2. A variety of users must participate in the testing and pilot phases of system development. Doing so helps to ensure that all users feel as if they have a voice and that problems are identified and solved before the system's agency-wide rollout.

3. Communications must be actively managed:
  • Staff needed reassurance that ERA's implementation would not cause NARA's operations to grind to a halt and that they would not lose their jobs as a result of the change. The team frequently met with staff and encouraged them to discuss their concerns. It also identified champions -- people who, regardless of their official position within NARA's hierarchy, had the respect of their colleagues and who could persuade others to support ERA.
  • External stakeholders, whose perceptions of NARA often differ sharply from NARA's perception of itself, also needed confirmation that ERA was on track. The team helped to bolster ERA's credibility by emphasizing NARA's extensive and ongoing involvement in cutting-edge digital preservation research. (I've always been deeply impressed with ERA's research component, and I was both stunned and amused to learn that NARA has actively nurtured this perception.)
Those of us who care passionately about digital preservation have no choice but to address the change management issues that Fynette Eaton highlighted. In the short term, change management might seem less important than finding and testing the technical tools needed to acquire, preserve, and provide access to electronic records and digital publications. However, if our senior managers and our colleagues don't buy into the changes in workflow and, in some instances, organizational structure that digital preservation requires, our institutions -- and archivy and librarianship -- will suffer greatly in the long term. NARA's started tackling some of the sociological challenges of digital preservation, and the rest of us have to do the same.

2 comments:

js said...

Nice wrap-up. As a psychological strategy, how about packaging change as evolution, or, more radically, as "nothing new." Personally and when I talk to colleagues, I find the best way to assuage anxiety about digital preservation is to think of as nothing more than a new manifestation of the core responsibilities of archivists.

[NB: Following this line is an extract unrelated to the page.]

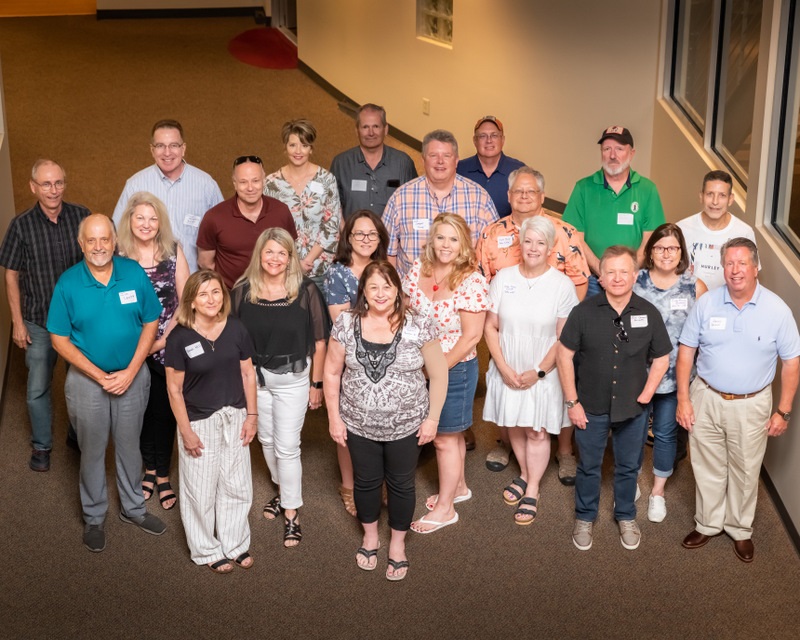 Part of the group of alumni smile up at the camera.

While that's a little coy, it's a good starting point.

L'Archivista said...

Thanks, JS! You're absolutely right that emphasizing the continued relevance of traditional archival knowledge and skills is a very good starting point. Doing so really helps to demystify digital preservation and reassure people that their experience and expertise remain relevant.

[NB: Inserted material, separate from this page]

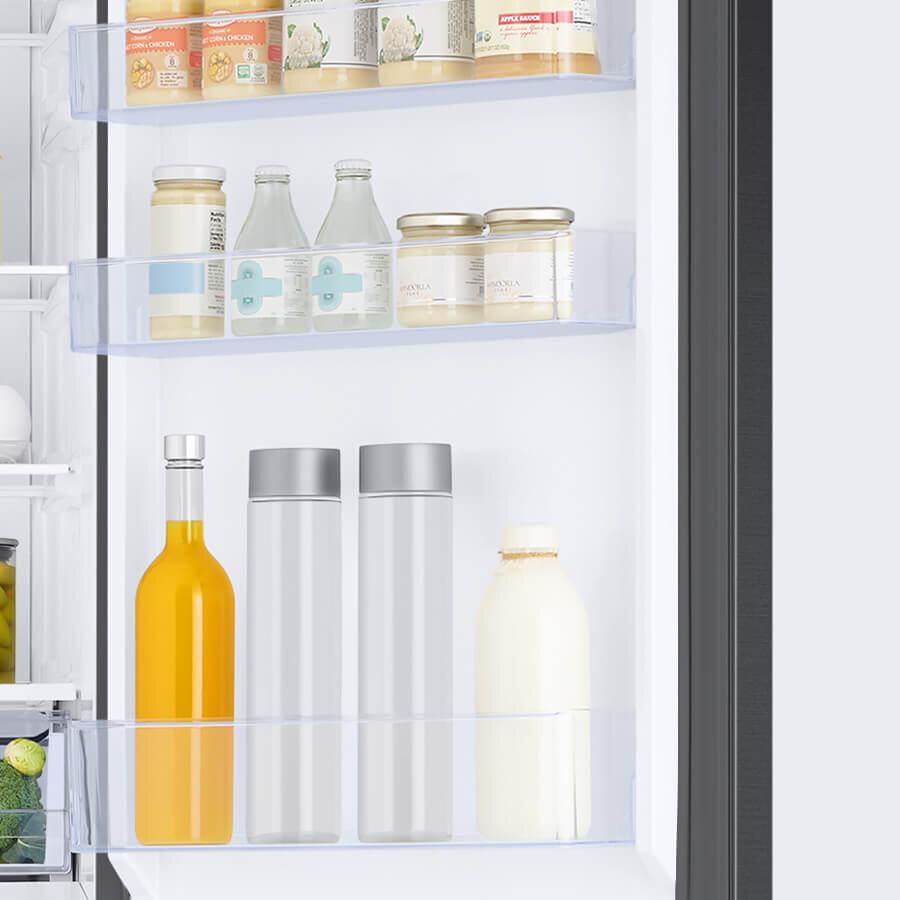 Wnętrze lodówki z widocznymi półkami na drzwiach, na których znajdują się różne butelki i słoiki z napojami oraz produktami spożywczymi. Na górnej półce widoczne są słoiki z przetworami i butelki z napojami, a na dolnej większe butelki z napojami.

I nonetheless see the need for active change management, particularly when it comes time to alter workflows or roll out new systems. One of the things I didn't mention in my recap -- but really should have -- is that the NARA's change management team assessed NARA's organizational culture and quickly identified pride in NARA's mission and awareness that NARA was legally and ethically obligated to care for e-records as two major strengths.

The team consistently tapped these strengths when making the case for ERA, but it also recognized that these traits weren't sufficient to ensure ERA's success: many NARA staffers readily saw the need for institutional change, but they also hoped that their own working lives would remain untouched by that change. It took me a long time to figure out that some (but by no means all) of my own colleagues held similarly conflicting thoughts.

ERA's still under development, so the final report card isn't available at this time. However, keeping people focused on NARA's mission, making sure that they feel supported and valued as their day-to-day tasks change, and giving them the opportunity to supply feedback should dramatically increase its chance of success.